CHANGE IN NATURE OF BUSINESS, IF ANY:
There has been no change in the nature of business of the Company.
DIVIDEND:
With a view to provide a cushion for any financial contingencies in the future and to strengthen the financial position of the Company, your directors have decided not to recommend any dividend for the period under review.
TRANSFER TO RESERVES:
The profit of the Company for the Financial Year ending on 31st March 2025 is transferred to profit and loss account of the Company under Reserves and Surplus.
ANNUAL RETURN:
Pursuant to Section 92(3) read with Section134(3)(a) of the Act, the Annual Return as on March 31, 2025, is available on the Companys website at http://kkjewels.org/ .
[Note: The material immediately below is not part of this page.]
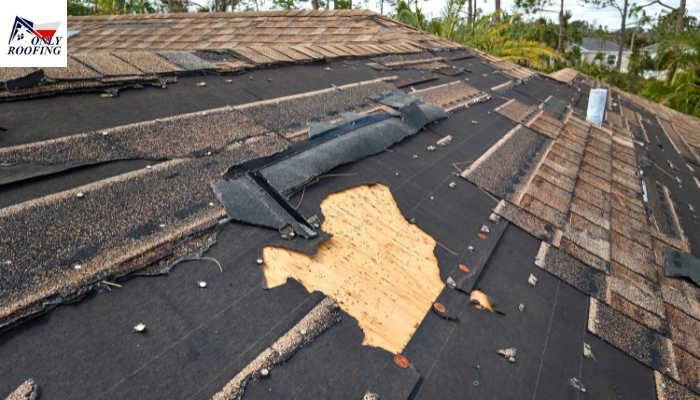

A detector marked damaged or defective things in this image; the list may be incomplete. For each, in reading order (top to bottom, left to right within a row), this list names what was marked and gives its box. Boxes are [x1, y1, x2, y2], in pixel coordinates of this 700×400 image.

missing shingle [262, 184, 442, 354]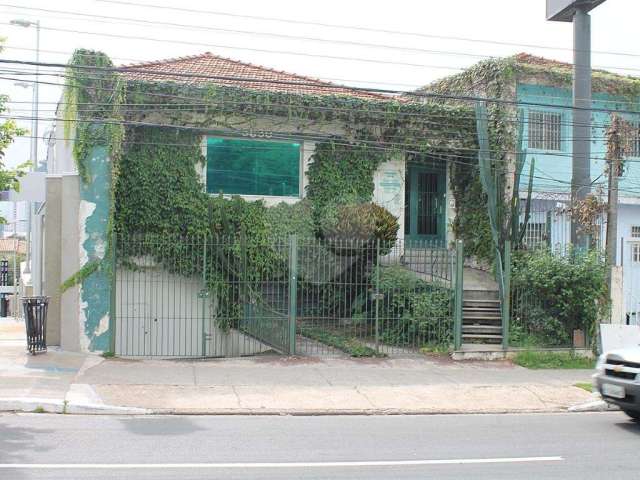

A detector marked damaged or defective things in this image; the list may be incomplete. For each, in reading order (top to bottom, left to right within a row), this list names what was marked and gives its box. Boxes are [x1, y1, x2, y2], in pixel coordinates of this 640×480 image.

peeling paint wall [78, 144, 112, 350]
MATERIAL CHANGES AND COMMITMENTS, IF ANY, AFFECTING THE FINANCIAL POSITION OF THE COMPANY WHICH HAVE OCCURRED BETWEEN THE END OF THE FINANCIAL YEAR TO WHICH THE FINANCIAL STATEMENTS RELATES AND THE DATE OF THE REPORT:
There is no material changes and commitments affecting the financial position of the company which have occurred between the end of the financial year to which the financial statements relates and the date of the report.
SIGNIFICANT & MATERIAL ORDERS PASSED BY THE REGULATORS OR COURTS OR TRIBUNALS:
There is no significant material orders passed by the Regulators or Courts or Tribunal, which would impact the going concern status of the Company and its future operation.
SHARE CAPITAL:
Particular |
Amount |
Authorized Share Capital |
|
Opening as on 01.04.2024 |
1,00,00,000 |
10,00,000 equity shares of Rs.10/- each |
|
Addition during the year |
10,00,00,000 |
1,00,00,000 equity shares of Rs.10/- each vide passing resolution at EOGM dated Saturday, 13 July, 2024 |
|
Closing as on 31.03.2025 |
11,00,00,000 |
1,10,00,000 equity shares of Rs. 10/- each |
|
Paid-up & Subscribed Share Capital |
|
Opening as on 01.04.2024 |
46,00,000 |
4,60,000 equity shares of Rs.10/- each |
|
Addition during the year |
6,90,00,000 |
6,900,000 equity shares of Rs.10/- each by Bonus Issue of Equity Shares vide passing board resolution for allotment dated on 09th August 2024. |
|
Addition during the year |
3,12,50,000 |
31,25,000 equity shares of Rs.10/- each by issuing IPO of the company as per the basis of allotment approved by the Designated Stock Exchange viz. National Stock Exchange vide passing board resolution dated 20th January, 2025 |
|
Closing as on 31.03.2025 |
10,48,50,000 |
1,04,85,000 equity shares of Rs.10/- each |
INITIAL PUBLIC OFFERING (IPO)
During the Financial Year ended March 31, 2025, the Company successfully completed its Initial Public Offering (IPO) on the NSE Emerge platform. The ISIN No. of the Company is INE0XOW01017. A total of 31,25,000 equity shares were allotted to the public on January 20, 2025. The shares were subsequently listed and commenced trading on the NSE Emerge platform on January 22, 2025.
This milestone marks a significant achievement in the Companys growth trajectory, enhancing its visibility and providing access to capital for future expansion and development. The Board extends its gratitude to all stakeholders for their continued support and confidence in the Company.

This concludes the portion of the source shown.